El Banco Central de la República Argentina (BCRA) aplicó un marcado giro en su estrategia cambiaria durante la primera quincena de agosto. La autoridad monetaria redujo su ritmo de acumulación de reservas al nivel más bajo en lo que va del año, una decisión deliberada que busca no convalidar presiones sobre el tipo de cambio y blindar el sendero de desaceleración de la inflación, según se desprende de los últimos datos oficiales.
Durante las primeras semanas del mes, la entidad que preside el economista Santiago Bausili promedió compras diarias por cerca de 28 millones de dólares en el Mercado Libre de Cambios (MLC). La cifra representa una contracción sustancial frente a los promedios registrados en los meses precedentes, como julio (103 millones de dólares diarios) y mayo (137 millones de dólares diarios), consolidando una evidente moderación en la absorción de divisas.
Equilibrio cambiario y el frente de las reservas
A pesar de la desaceleración en el volumen de operaciones, el Central logró encadenar ruedas consecutivas con saldo positivo en el mercado oficial, acumulando adquisiciones netas por 329 millones de dólares en lo que va de agosto. Sin embargo, las reservas internacionales brutas experimentaron oscilaciones y se mantuvieron en torno a los 49.500 millones de dólares. Esta parálisis responde no solo a la menor intensidad compradora de la entidad, sino también a la volatilidad internacional en la cotización de activos clave de reserva, como el oro.

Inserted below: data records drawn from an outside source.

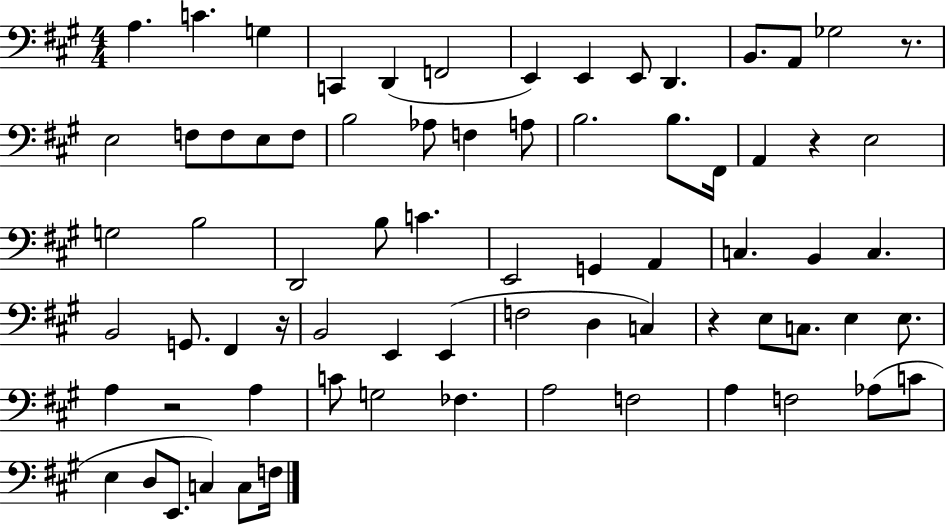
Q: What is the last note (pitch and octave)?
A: F3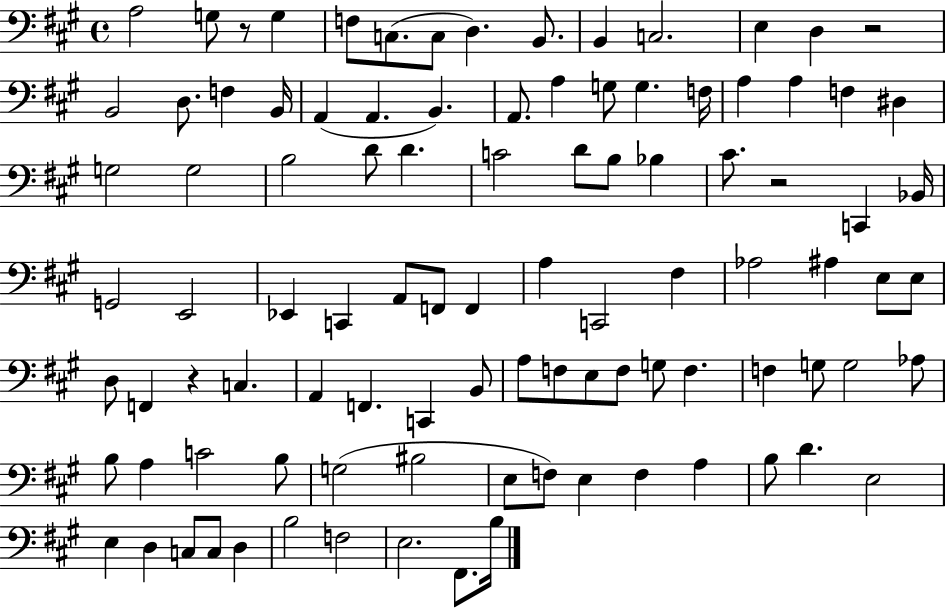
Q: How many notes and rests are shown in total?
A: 99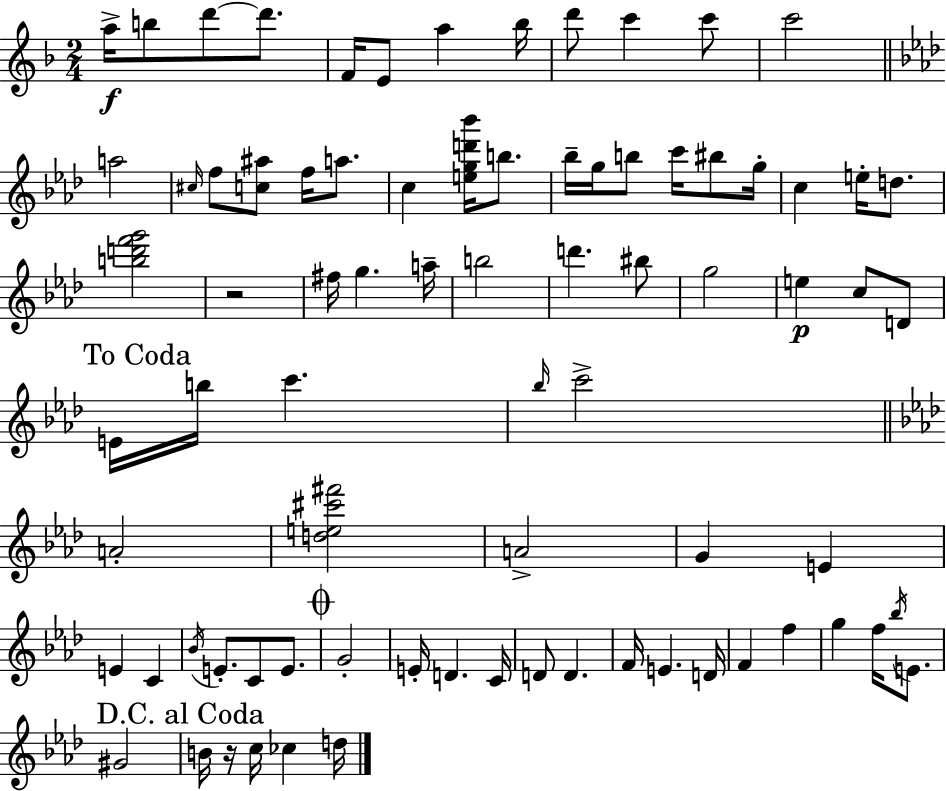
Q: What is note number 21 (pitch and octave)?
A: G5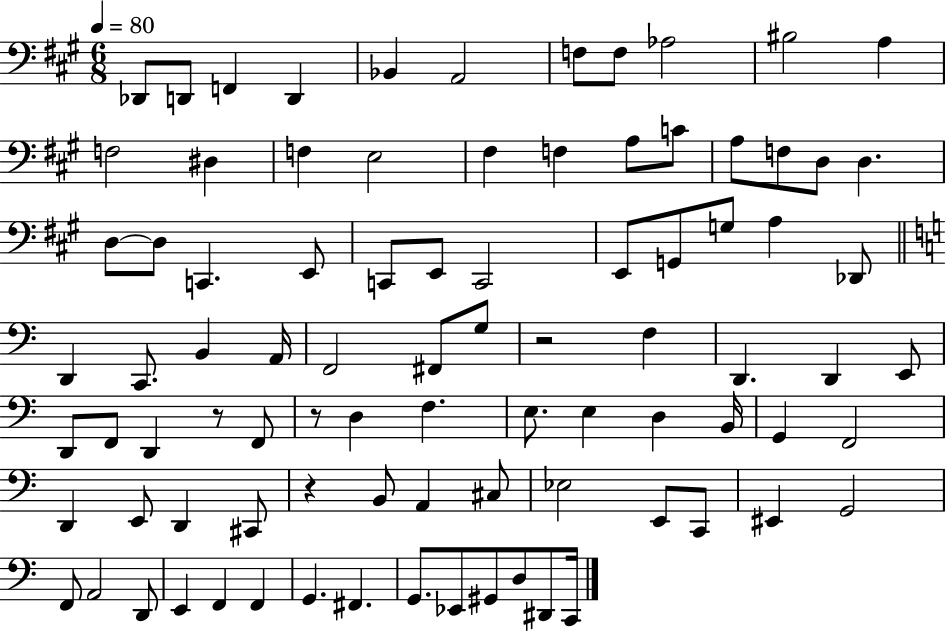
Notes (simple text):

Db2/e D2/e F2/q D2/q Bb2/q A2/h F3/e F3/e Ab3/h BIS3/h A3/q F3/h D#3/q F3/q E3/h F#3/q F3/q A3/e C4/e A3/e F3/e D3/e D3/q. D3/e D3/e C2/q. E2/e C2/e E2/e C2/h E2/e G2/e G3/e A3/q Db2/e D2/q C2/e. B2/q A2/s F2/h F#2/e G3/e R/h F3/q D2/q. D2/q E2/e D2/e F2/e D2/q R/e F2/e R/e D3/q F3/q. E3/e. E3/q D3/q B2/s G2/q F2/h D2/q E2/e D2/q C#2/e R/q B2/e A2/q C#3/e Eb3/h E2/e C2/e EIS2/q G2/h F2/e A2/h D2/e E2/q F2/q F2/q G2/q. F#2/q. G2/e. Eb2/e G#2/e D3/e D#2/e C2/s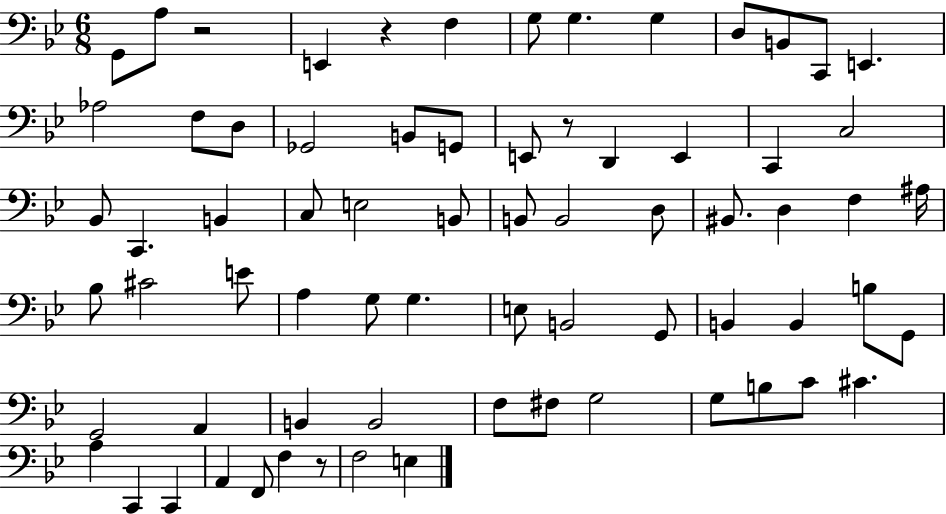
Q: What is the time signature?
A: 6/8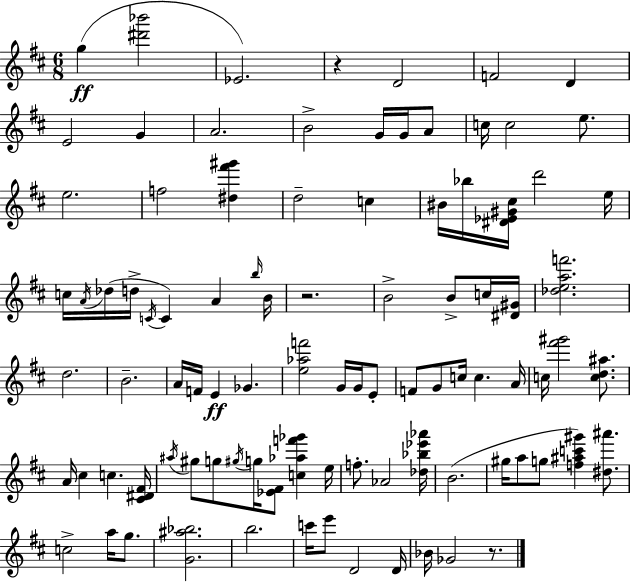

Fuentes del sector financiero y del equipo económico coincidieron en que la retracción responde a la necesidad de “no recalentar” la plaza cambiaria. El diagnóstico oficial apuntaba a un escenario donde el dólar mayorista oscilaba en la sensible franja de los 1.487 a 1.500 pesos, coincidiendo con una demanda privada de divisas que se mantuvo muy activa.
Prioridades: Estabilizar precios antes que acumular divisas
En el mercado minorista, la menor absorción oficial funcionó como una válvula de escape que permitió descomprimir las cotizaciones. El segmento mayorista operó con mayor laxitud y el billete en las ventanillas del Banco Nación cerró la semana en 1.510 pesos. En paralelo, los dólares financieros y bursátiles mantuvieron brechas acotadas y estables, en línea con los reportes de las principales consultoras especializadas de la City.
Con este diseño financiero, el Palacio de Hacienda y el BCRA han dejado en claro sus prioridades de corto plazo: se privilegia la estabilidad de la nominalidad y el uso del ancla cambiaria por sobre la velocidad de recomposición del balance de las reservas brutas. La apuesta oficial se concentra en consolidar de forma definitiva el descenso de las expectativas de precios, apuntalada por los últimos indicadores de inflación.